◆ Goal of the exercise: Keep the pictures out, and restate the listing that follows exactly as written.

◆ Given data:

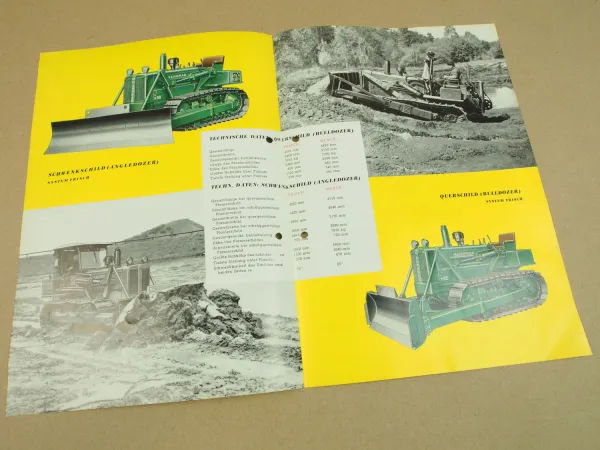 Prospekt Hanomag K60E Angledozer Bulldozer Raupe Kettenschlepper 60 PS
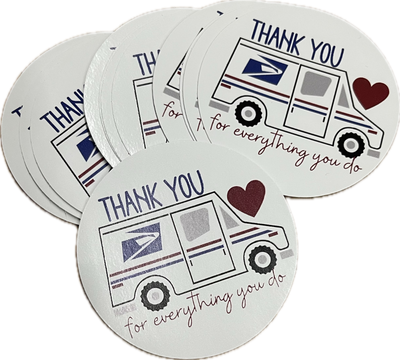 Custom Thank You Delivery Stickers (USPS) Pack of 12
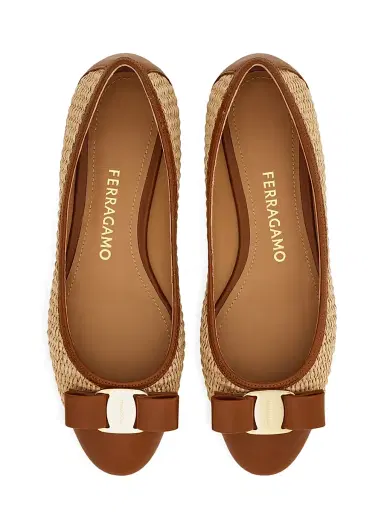 Ferragamo Women's Varina 2.0 Raffia & Leather Ballet Flats | Thumbnail 4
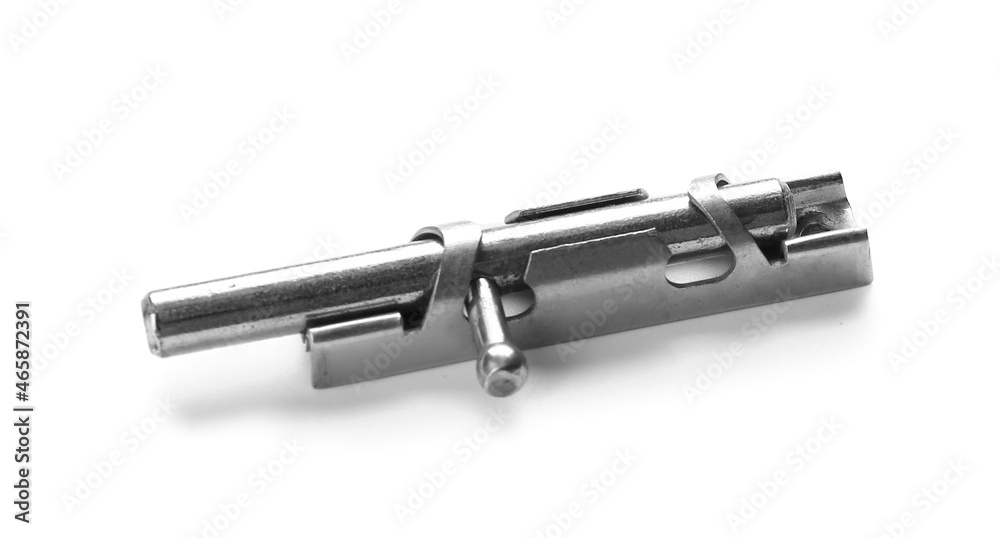 Metal door latch on white background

◆ Exercise output:
 Prospekt Hanomag K60E Angledozer Bulldozer Raupe Kettenschlepper 60 PS
 Custom Thank You Delivery Stickers (USPS) Pack of 12
 Ferragamo Women's Varina 2.0 Raffia & Leather Ballet Flats | Thumbnail 4
 Metal door latch on white background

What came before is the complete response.